The current stable version seems to be 5.2.14, but I can't find any implementation for jz4760 again [Implementation of jz4740, jz4770, jz4780](https://git.kernel.org/pub/scm/linux/kernel/ There seems to be git / stable / linux.git / tree / arch / mips / jz4740? H = v5.2.14). It was written that the difference from jz4740 is the clock frequency, the presence or absence of FPU, and the presence or absence of GPU, so it may work with the build for jz4740 (really?).
This is also GPL, so if you look for it, you may find an implementation for jz4760.
For the time being, I found something like linux-2.6.31.3-jz-20120904-r1448.patch.gz. It includes a solid implementation for the jz4760.
When I searched for the standard development environment for RetroFW, I found it quickly.
[Tutorial](https: // redirect.) Written in Topic: RetroFW --Developer Support Thread. viglink.com/?format=go&jsonp=vglnk_156881591905714&key=5150cb74f98acee214af0b53b6829d41&libId=k0pcfxgc0102ljt2000DAwfv3cbhjannx&loc=https%3A%2F%2Fboards.dingoonity.com=https%3A%2F%2Fboards.dingoonity. % 2Fdocs.google.com% 2Fdocument% 2Fd% 2F19kJXO3EZ8XCoeporuUUgV_S93AaPbSagza3sAgBILu8%2Fedit%3Fusp%3Dsharing&title=RetroFW%20-%20Developer%20Support%20Thread%20%20Developer%20Support%20Thread%20%20Support%20Thread%20%7C % 20Configuring% 20a% 20Toolchain% 20for% 20RetroFW% 20Development), it was easy to make a sample IPK.
The main points written in the tutorial are as follows.

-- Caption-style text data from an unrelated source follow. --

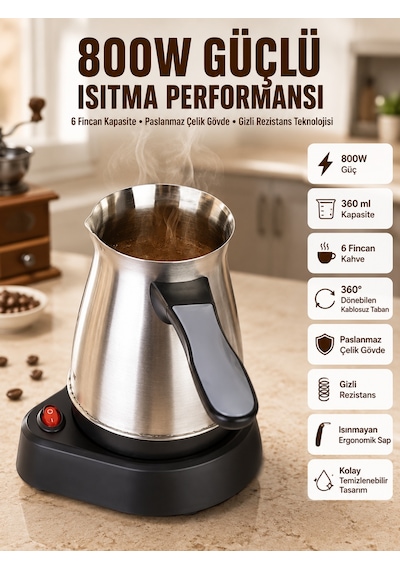 Yeni Nesil Türk Kahve Makinesi Cezvesi Siyah Gri Kablolu Pratik - Lisinya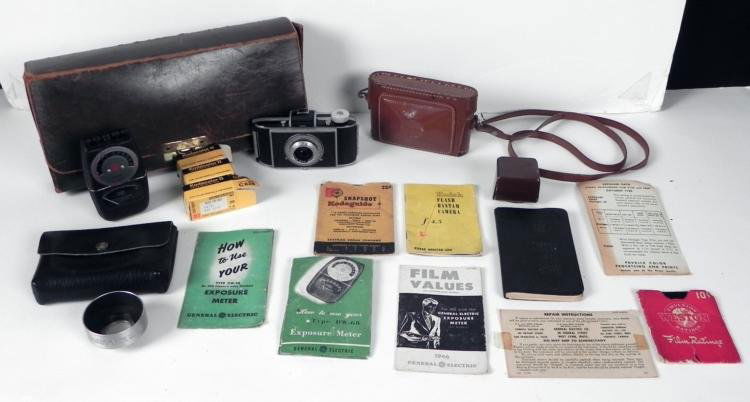 Kodak Flash Bantam Folding Camera w/ 2 Cases, Meter: This is a mid 20th century Kodak Flash Bantam small folding camera. The body has some surface nicks, but overall this camera is good condition, untested with film. The bellows are supple. The lens is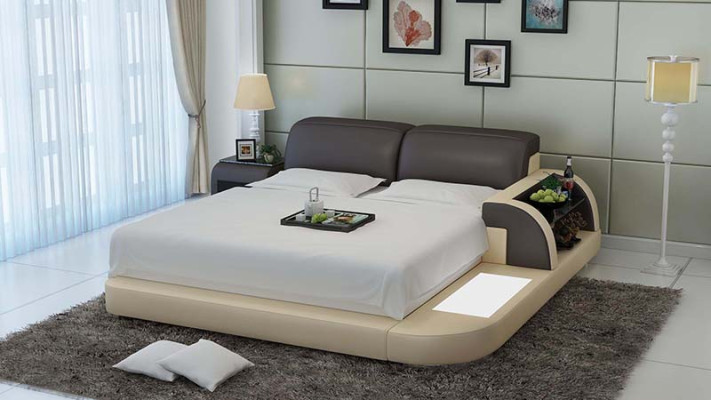Conception de lit de luxe Lits de luxe en cuir Chambre moderne 140/160/180 LB8812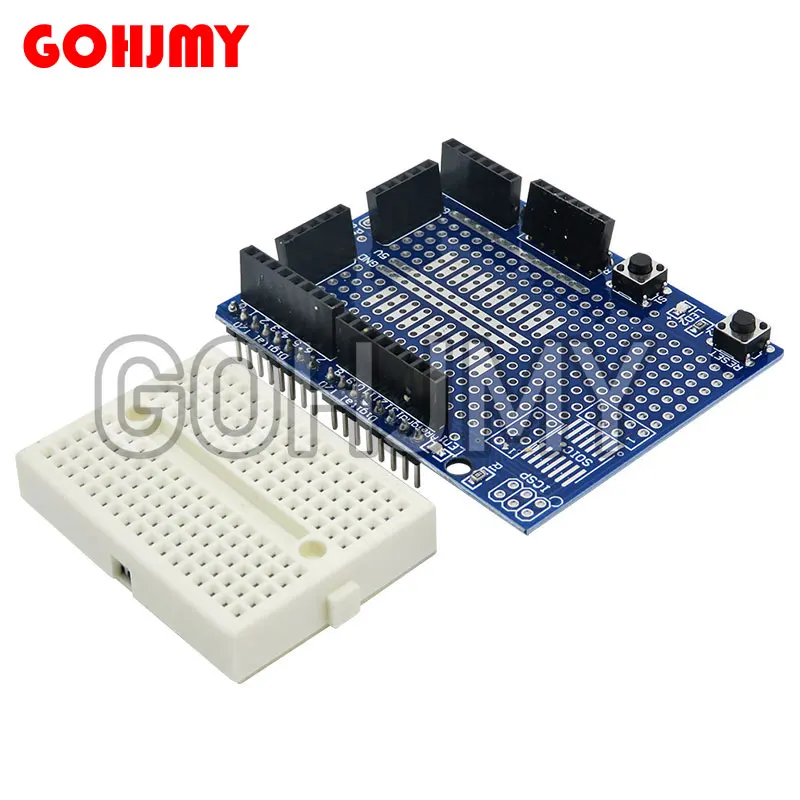 1pcs/lot UNO Proto Shield prototype expansion board with SYB-170 mini bread board based For ARDUINO UNO ProtoShield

For the tutorial, I used VirtualBox to prepare the operating environment of Ubuntu, but I tried Windows Subsystem for Linux. When I tried using Ubuntu (/ wiki / Windows_Subsystem_for_Linux), I was able to build it without any problems except for some parts. The explanation of the introduction of WSL is omitted.
Next, install the package for building BuildRoot on Ubuntu of WSL. As follows.
$ sudo apt install build-essential libncurses5 libncurses5-dev git python unzip bc
Next, get BuildRoot and build.
The BuildRoot version is specified to use 2018.02.9, and it is stated not to use it even if you notice that a new version has been released (because it is sensitive to the toolchain version).
$ wget https://buildroot.org/downloads/buildroot-2018.02.9.tar.gz
$ tar -xzvf buildroot-2018.02.9.tar.gz
$ cd buildroot-2018.02.9
$ make menuconfig
The buildroot configuration is described as follows.
Target Options
Target Architecture - MIPS (little endian)
Disable soft-float
Toolchain
C library (uClibc-ng)
Enable WCHAR support
Enable C++ support
Target Packages
Graphic libraries and applications (graphic/text)
SDL
SDL_gfx
SDL_image
SDL_mixer
SDL_net
SDL_sound
SDL_TTF
All you have to do is build. It takes a lot of time to build the entire tool chain (cross compiler).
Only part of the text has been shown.